I often think about how to work better, which means how to do more with less, and how to stretch my attentional dollar. Working better comes down to using time with more focus by having a creative objective for the moment. But this approach doesn’t come naturally to me. My default is to perpetually wander (which I like to think connects to a sense of wonder), so I work at having objectives. You could call it an experiment that I’m free to quit any time I wish. But I haven’t quit yet because the approach works. 

In an interview on Tennis Channel, Rafael Nadal spoke about what makes great players so great. In a memorable formulation, he says: “I think that controlling time is what leads you to success.” Nadal said that the greats have super fast reaction times, allowing them to assess and respond to a situation almost before it has transpired and make micro-adjustments on the fly. This observation reminded me that what tennis looks like from a viewer’s perspective is different from what it feels like for a master player. Great players shift their thinking into a more intuitive gear, a gear not so encumbered by conscious deliberation.

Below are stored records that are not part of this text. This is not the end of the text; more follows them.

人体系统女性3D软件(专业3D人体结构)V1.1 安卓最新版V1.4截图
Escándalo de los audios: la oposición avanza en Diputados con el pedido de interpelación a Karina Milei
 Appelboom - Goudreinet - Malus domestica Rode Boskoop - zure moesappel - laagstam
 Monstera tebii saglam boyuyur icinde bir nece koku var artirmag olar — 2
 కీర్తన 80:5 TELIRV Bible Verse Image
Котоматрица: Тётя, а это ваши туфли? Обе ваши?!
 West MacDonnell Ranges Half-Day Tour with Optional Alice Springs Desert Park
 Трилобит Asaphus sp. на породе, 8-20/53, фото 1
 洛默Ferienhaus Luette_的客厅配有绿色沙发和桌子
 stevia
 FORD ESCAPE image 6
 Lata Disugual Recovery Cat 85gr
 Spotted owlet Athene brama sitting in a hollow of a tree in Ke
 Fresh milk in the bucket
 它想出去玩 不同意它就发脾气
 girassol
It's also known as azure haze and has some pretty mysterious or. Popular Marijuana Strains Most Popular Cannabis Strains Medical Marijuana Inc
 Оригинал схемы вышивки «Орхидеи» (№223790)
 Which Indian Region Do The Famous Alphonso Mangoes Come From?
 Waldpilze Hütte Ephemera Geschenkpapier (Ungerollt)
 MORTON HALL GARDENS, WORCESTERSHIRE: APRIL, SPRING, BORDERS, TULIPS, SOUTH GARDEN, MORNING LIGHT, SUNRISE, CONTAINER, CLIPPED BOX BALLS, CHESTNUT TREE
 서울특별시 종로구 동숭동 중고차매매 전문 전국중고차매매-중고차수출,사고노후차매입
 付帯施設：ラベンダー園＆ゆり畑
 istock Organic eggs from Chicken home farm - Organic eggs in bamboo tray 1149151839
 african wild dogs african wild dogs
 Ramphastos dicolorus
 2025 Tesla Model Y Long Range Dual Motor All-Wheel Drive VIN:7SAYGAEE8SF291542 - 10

Outside of sport, controlling time is required to maintain a creative objective and there are numerous ways to do that. The first way it to allocate a tiny amount of time to a task. These blog posts are often written this way—as “warm ups” for more substantial writing that may never materialize. One advantage of using tiny bits of time in this way is that they’re easy to fill. Caught on a crowded subway car with eight stops to go? No problem—take out your phone and write some notes. A second way to control time is to allocate a single task to a given time span. I do this with improvising, or editing, and always limit the work to a single type: as much as I want to edit something I’ve just played or written, I’ll leave that for another session. A third way to control time is to take a few moments to consider how the work (the music, the writing, etc.) is affecting your sense of time. Is it taking you out of time? Is it returning you to an earlier time? Is it pointing towards future times? Does it seem impatient with time or luxuriate in it? I thought about these aspects of time recently while I was experimenting with delay-lay-lay-lay effects. I was delightfully caught off guard by how a few pitches can transform into a grand, liquid sound, and I was surprised by how this sound re-booted my sense of time: I just sat there, mesmerized, and for a while could think of nothing but the virtues of echo. Very seductive. All of the work we do has a relationship to time in the sense that it took us time to make it, and in the sense that it shapes how we feel time. In fact, one of the reasons why “great works” are great is that they deeply affect our sense of time. That’s why we call them “timeless”—they seem unaffected by, or outside of, time. 

Back to Nadal’s quote about controlling time. In addition to referring to players’ reaction times, he was saying that it’s important to control one’s focus, not get ahead (or behind) oneself, and stay in the moment. For me, working better is figuring out ways to use time to access different patterns of perception. Surely there’s more than one way to feel and inhabit this passing moment?